2 - 20 August 2007
about the exhibition
One of Australia’s most admired artists, GW Bot has described her latest body of work as a “dialogue between silences and spaces and the landscape of glyphs”. The term Australglyphs brings together the idea of ‘austral’ meaning ‘southern’ and ‘glyphs’ meaning ‘signs’. Combined they describe a language of the Australian bush, a metaphorical language which, although derived from the landscape, hints at many different meanings. Like a sequence of visual poems, the series of work maps a spiritual terrain as much as a physical landscape. Gestural marks and rhythmic notations are threaded sparsely through the work, reminiscent of ancient pictographs or hieroglyphics, and describe a winding trail from the known landscape toward a psychological hinterland that lies somewhere between the sensorial and the visual, the abstract and the real. In the distillation of shapes and shadows we see elements of an Australian landscape, and at the same time recognise a more universal, maternal world of memory, death, love, nurture and protection. In all variations of her work, through linocuts, drawings and bronzes, GW Bot marries a mastery of technique with unlimited creativity and intuitive sensitivity. To follow her journey is to be enriched by constant discovery.

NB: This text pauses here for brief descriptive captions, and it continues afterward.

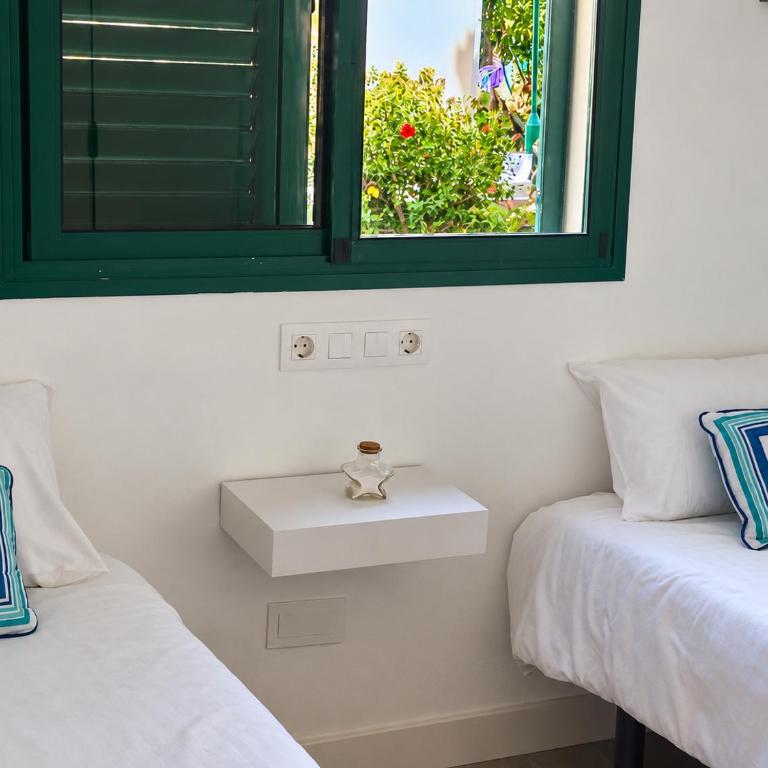 Las Olas Blue - Apartamento con vistas a la piscina - 8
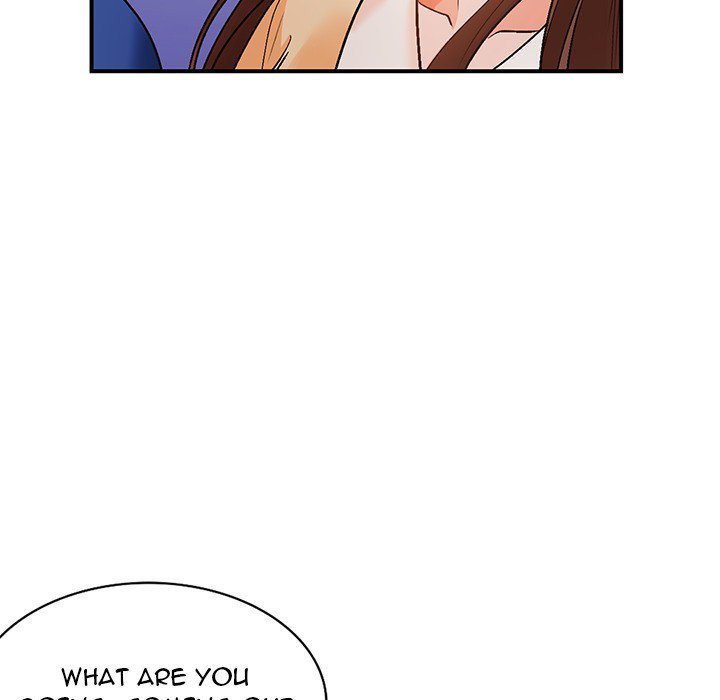 Town Girls Manhwa - Chapter 9 Page 54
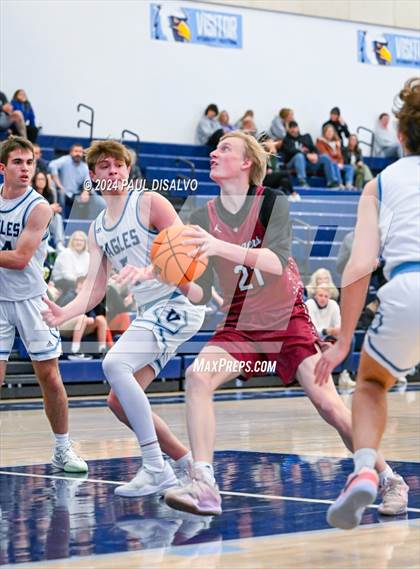 Thumbnail 3 in Valor Christian @ Chatfield photogallery.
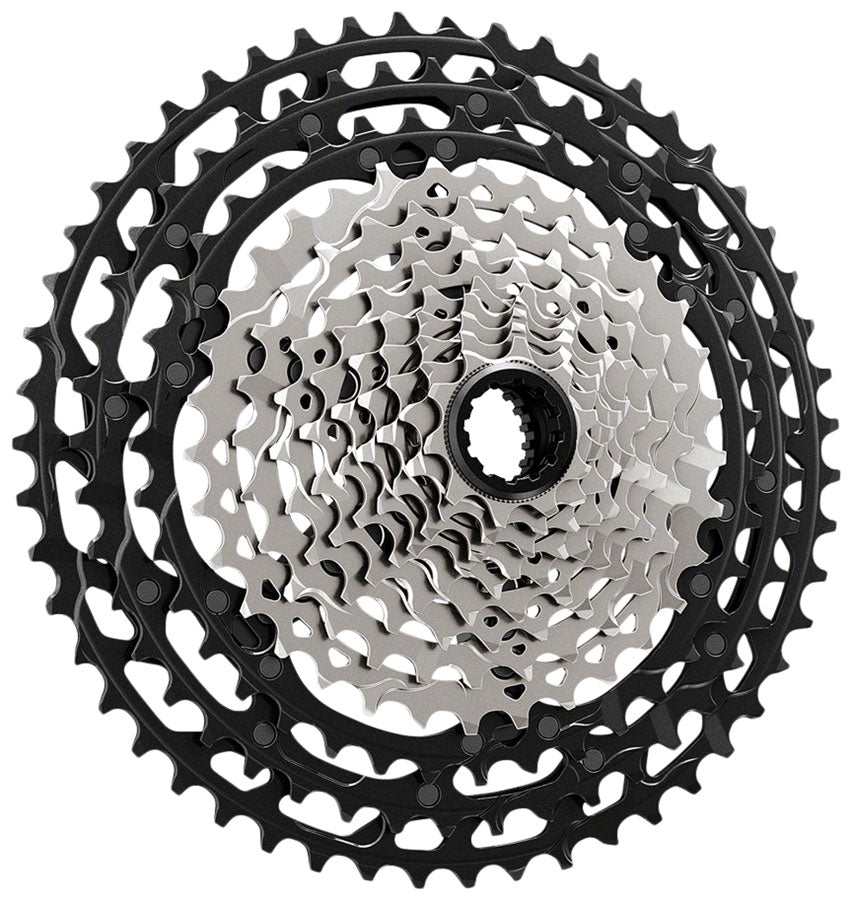 Shimano XTR CS-M9101-12 Cassette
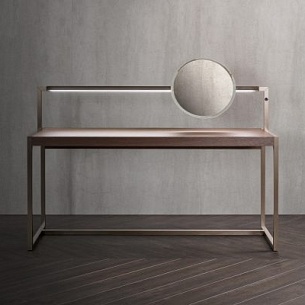 Туалетный / письменный стол CONTINUUM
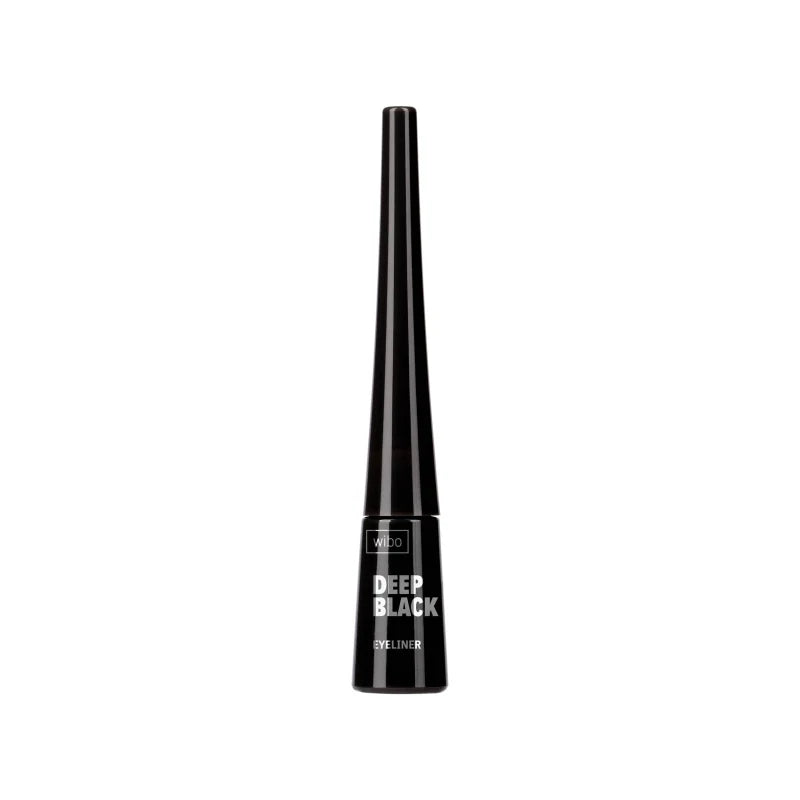 WIBO, EYE-LINER DEEP BLACK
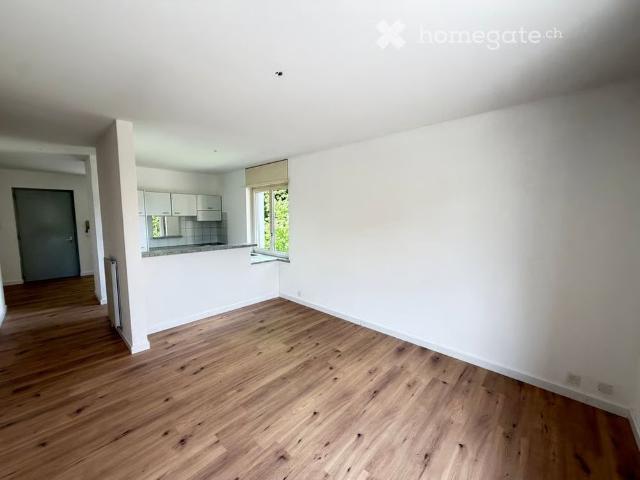 3.5 Zimmer, 76 m²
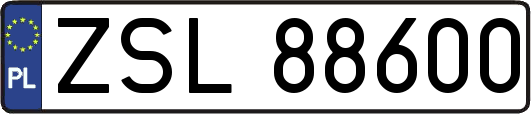 ZSL88600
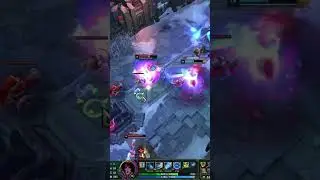 POV: you just wanted to farm #LeagueOfLegends #ARAM #Oneshot #LoLTikTok #Shorts #GamingFails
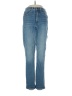 Madewell Blue Jeans Size 24 waist - photo 1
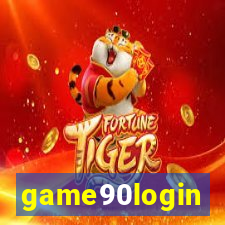 game90login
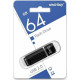 SMARTBUY (SB64GBQZ-K) 64GB QUARTZ SERIES BLACK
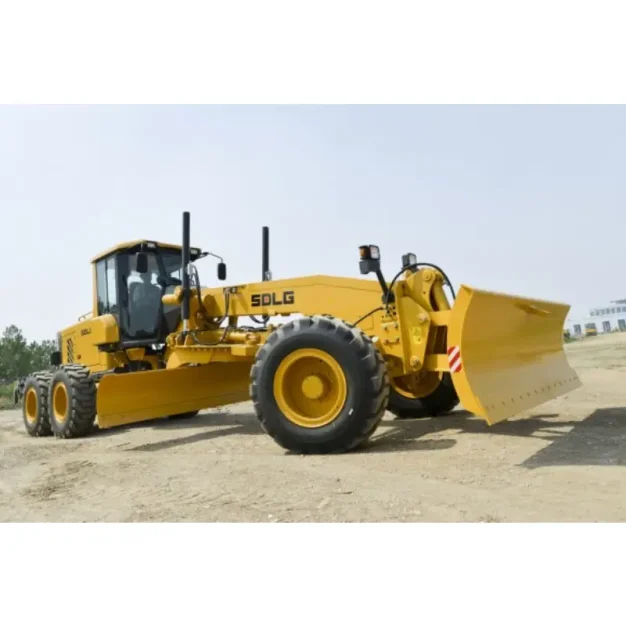 avtogrejder sdlg g9190 02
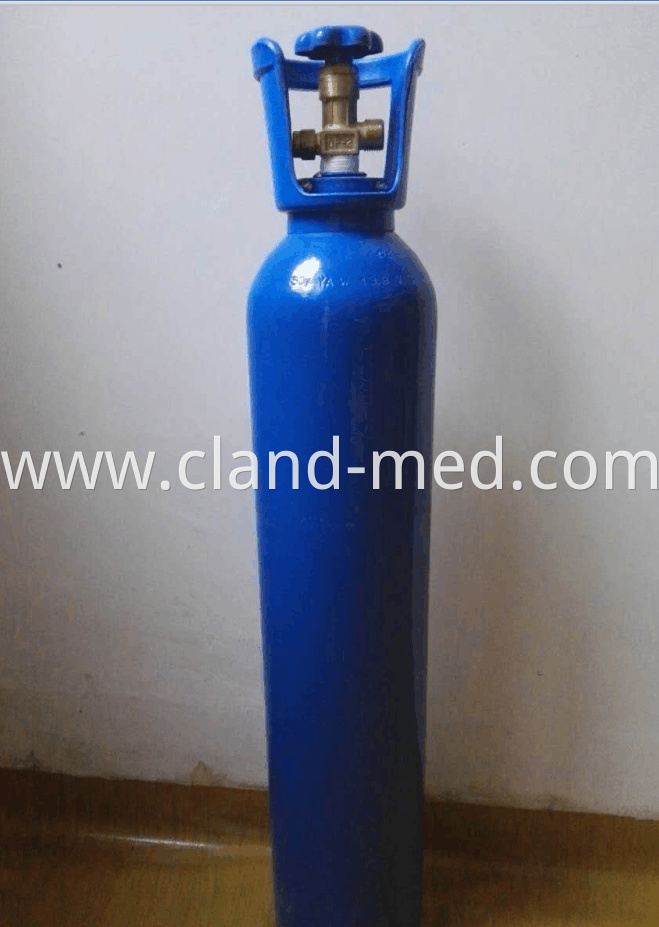 Oxygen Cylinder 10L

A printmaker, painter and sculptor, GW Bot has held over thirty solo exhibitions in Sydney, Melbourne, Canberra, Brisbane, Perth, London, Paris, New York, Los Angeles and Manila. She is represented in over a hundred public art collections including the Albertina (Vienna), British Museum, Victoria and Albert Museum, Fogg Museum of Fine Arts (Harvard), Kharkiv Art Gallery (Ukraine), Lublin Museum (Poland), Museum of Modern Art (Osaka), National Gallery of Australia, Canberra Museum and Gallery, Queensland Art Gallery, Art Gallery of South Australia, Art Gallery of NSW, Queen Victoria Museum and Art Gallery (Tas) and Central Academy of Fine Arts (Beijing).Most recently GW Bot was selected for the Royal Academy 2007 Summer Exhibition in London. This is GW Bot’s first exhibition with Beaver Galleries.